Over the last week, I have been exploring the idea that in each moment of our life we can choose peace over violence if we so wish to do so. And yes, it is a conscious choice requiring conscious action. It also means having to graciously bow out of the drama of the mind, again and again, and again.

Our ability to choose peace in each moment applies to not only to our yoga asana (postures) made on the mat but also to the mind’s workings.

After all, yoga is a mind science above anything else.

Breaking free from the mind

When exploring how we might breakfree from the mind, I think it is important to first understand the mind from a yogic perspective. 

The great yogic sage Patanjali, who is said to be responsible for penning the raja-yoga (eight-limbed) method to attaining enlightenment (also known as Yoga), describes in his Yoga Sutras the goal of the practice as being: “Yoga chitta vritti nirodhah”. This translates to “the restaint of the modifications of the mind-stuff is Yoga.”

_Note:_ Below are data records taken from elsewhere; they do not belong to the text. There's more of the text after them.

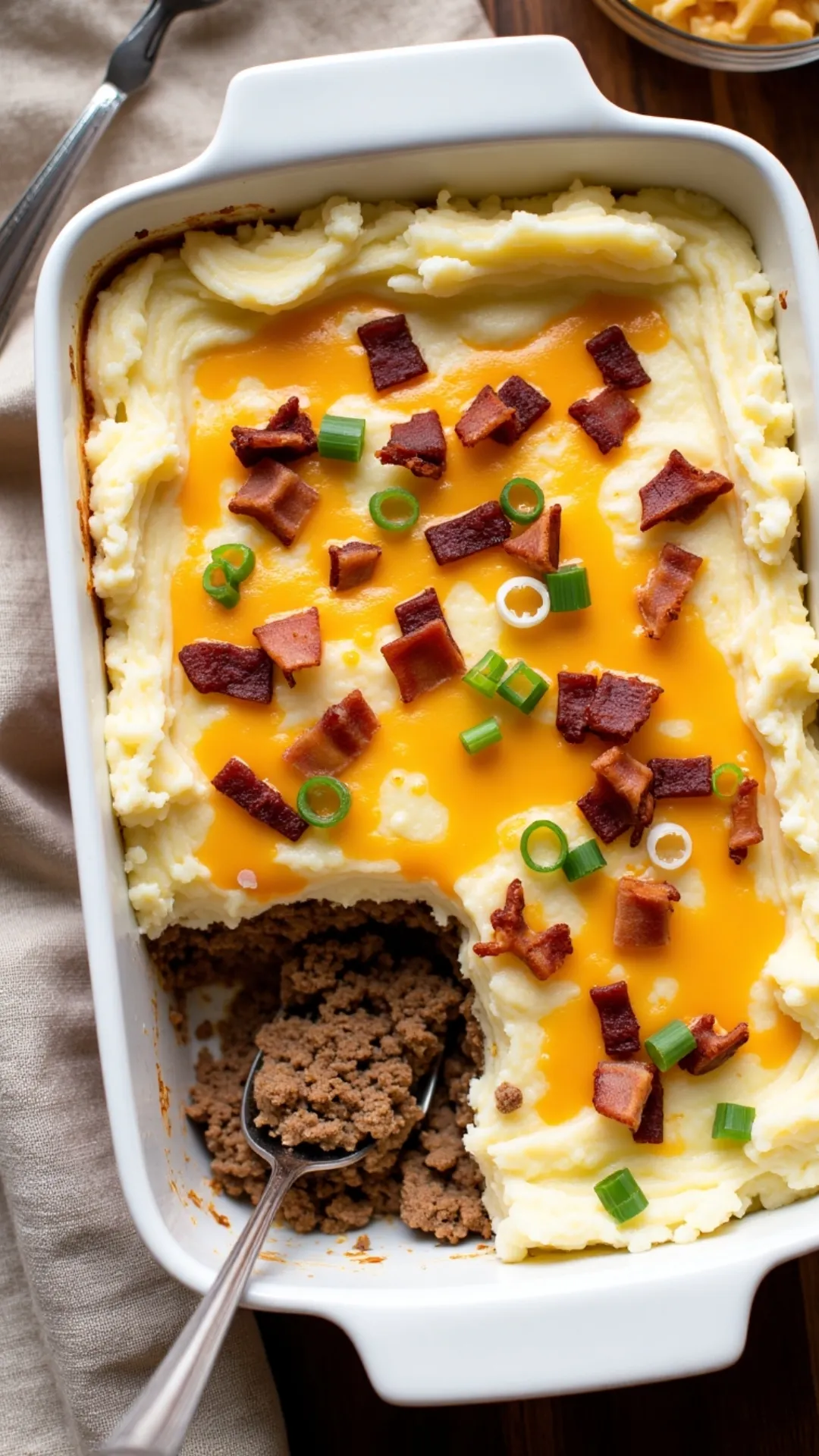 Stretch your ground beef into a cozy dinner everyone loves! This easy casserole layers mashed potatoes over meatloaf and adds cheese and bacon for the ultimate frugal meal win.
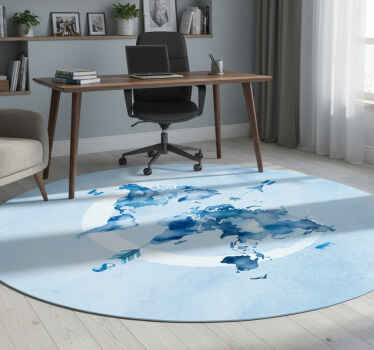 World map vinyl rug watercolor blue map - TenStickers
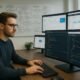 Ein SEO-Manager arbeitet in einem modernen, technikgeladenen Büro mit mehreren Monitoren, auf denen Datenanalysen, Web-Performance-Dashboards und Code-Editoren angezeigt werden, im Hintergrund Whiteboards mit SEO-Strategien, im Bildstil fotografiert.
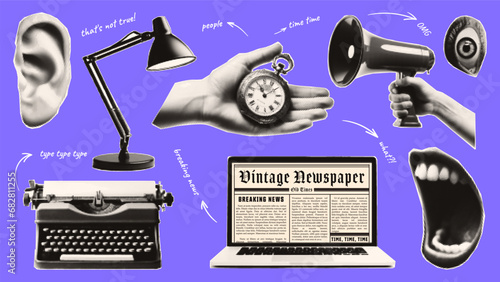 Vintage halftone collage. Breaking news concept. Laptop, lamp, typewriter, ear, and other trending elements in retro pop style.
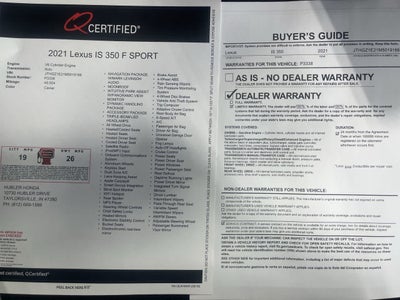 2021 Lexus IS 350 F SPORT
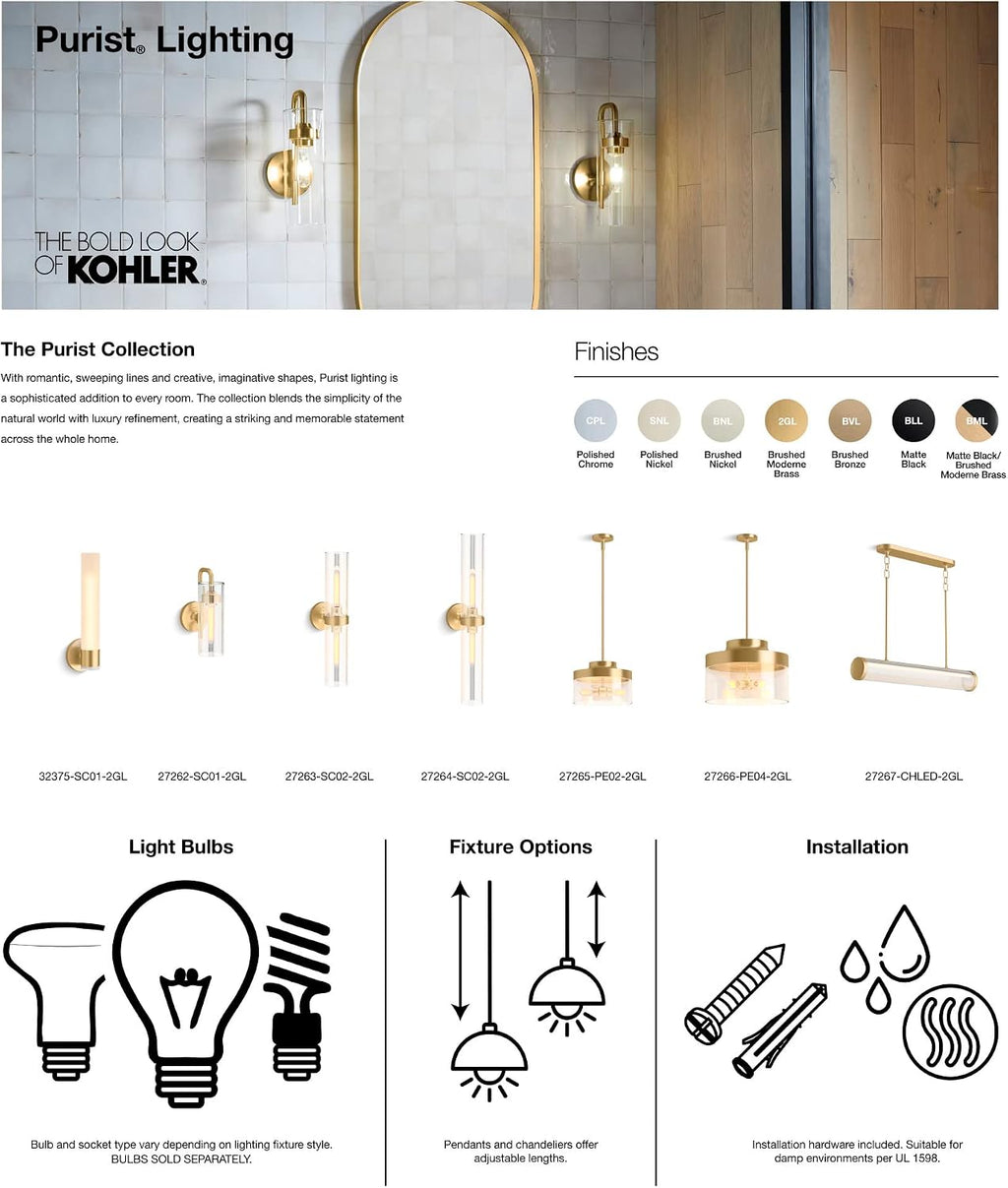 KOHLER PURIST® 2-LIGHT 22' SCONCE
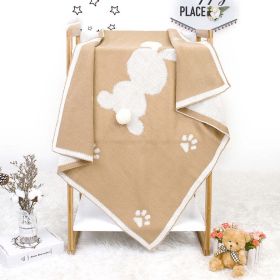 Baby Cartoon Rabbit & Footprints Embroidered Graphic 3D Tail Blanket (Color: Brown, Size/Age: (0-12Y))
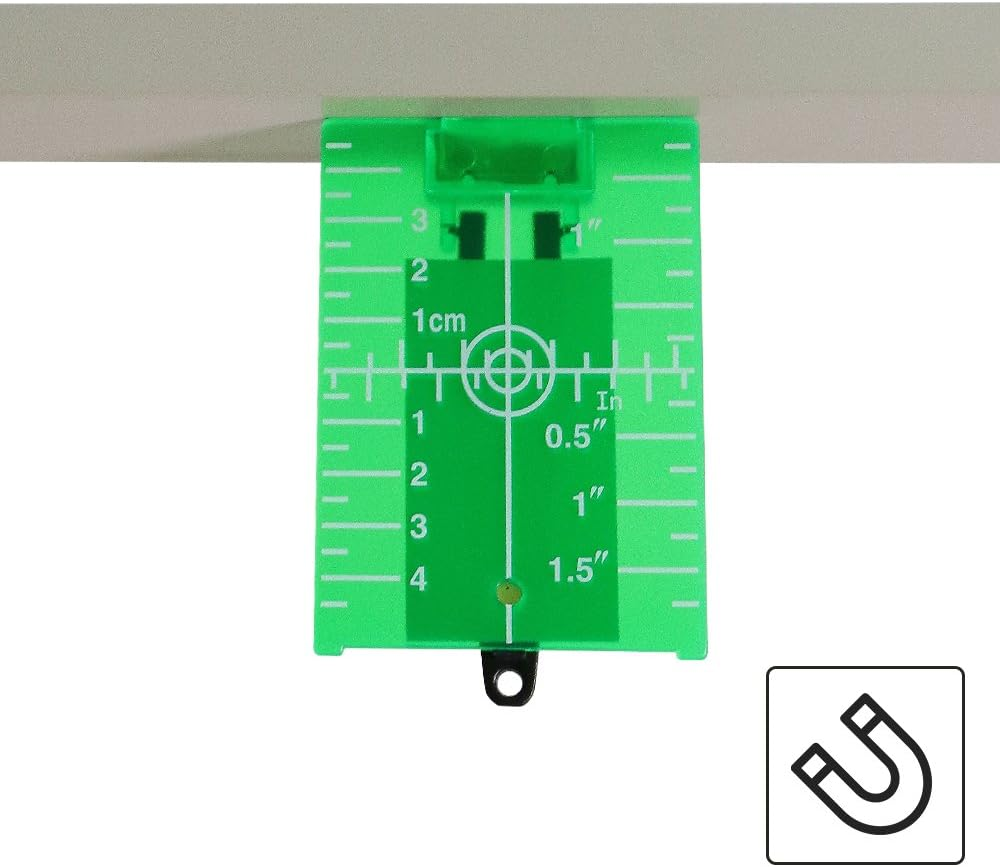 Huepar Tp01G-Magnetic Floor Laser Target Plate Card with Stand for Green Beam Applications Enhancing the Visibility of Green Laser Lines or Points 1.3 Times image number 3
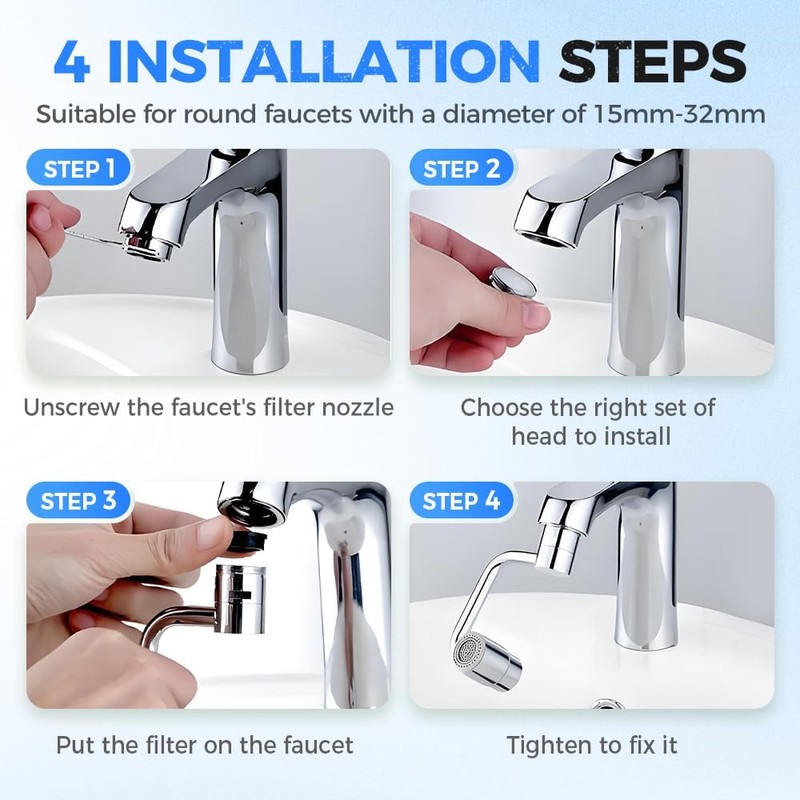 Extensor de Grifo Giratorio 1080°, Regulador de Flujo de Agua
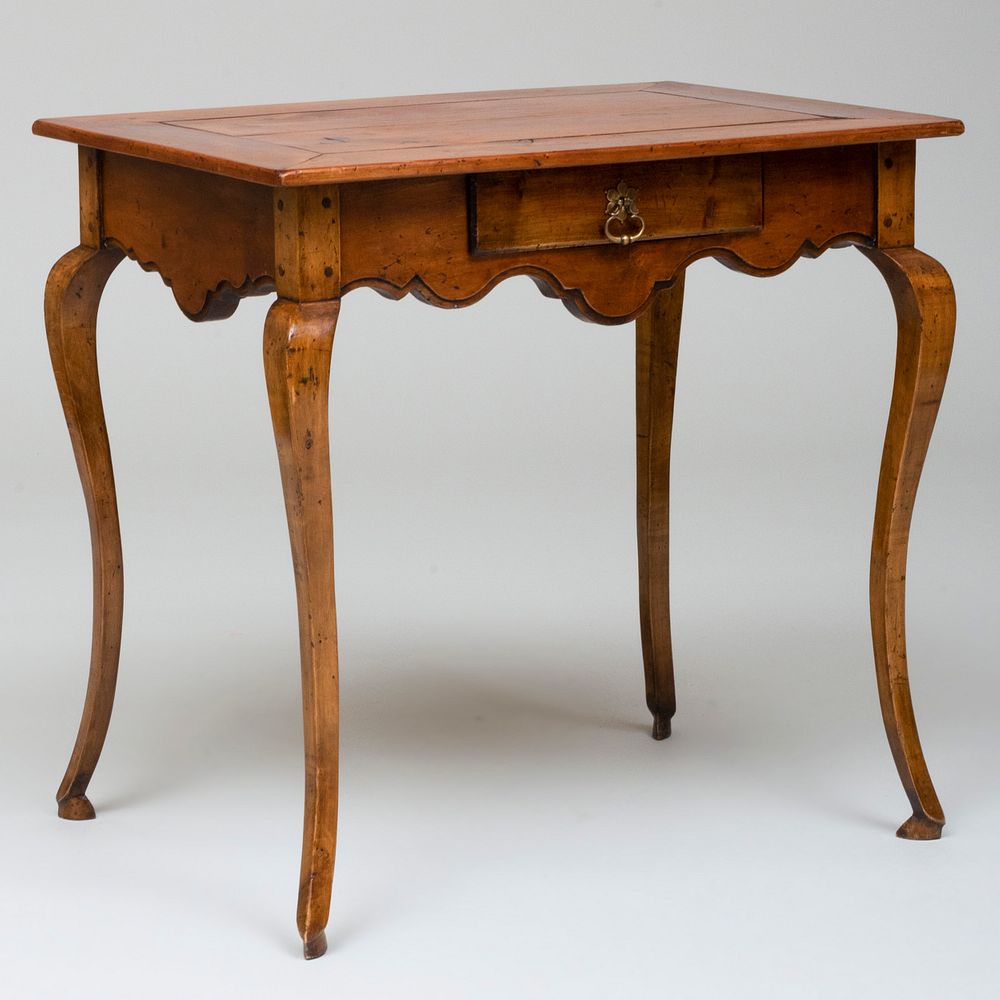 Appraisal: French Provincial Walnut Side Table Fitted with a frieze drawer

In understanding this further, you might like to imagine ripples on a lake. Your mind or consciousness (chitta) is the lake, the ripples on the lake are the vrittis “mind stuff”. The vrittis are what turn our mind and keep us in the mode of what Thich Nhat Hanh calls, “radio non-stop-thinking”.

These are the ripples, or in some cases waves, we must ride on our way back home to our Higher or Divine Self. Thus, the process of coming home is a remembering of that calm, peaceful lake within.

Lake image with thanks to Casey Thiebeau

Lake image with thanks to Casey Thiebeau

According to Patanjali there are five main types of vrittis, “mind-stuff” or mind modififcations. They are: Correct knowledge (pramana), Incorrect knowledge (viparyaya), Imagination or fantasy (vikalpa), Sleep (nidra) and Memory (smrti)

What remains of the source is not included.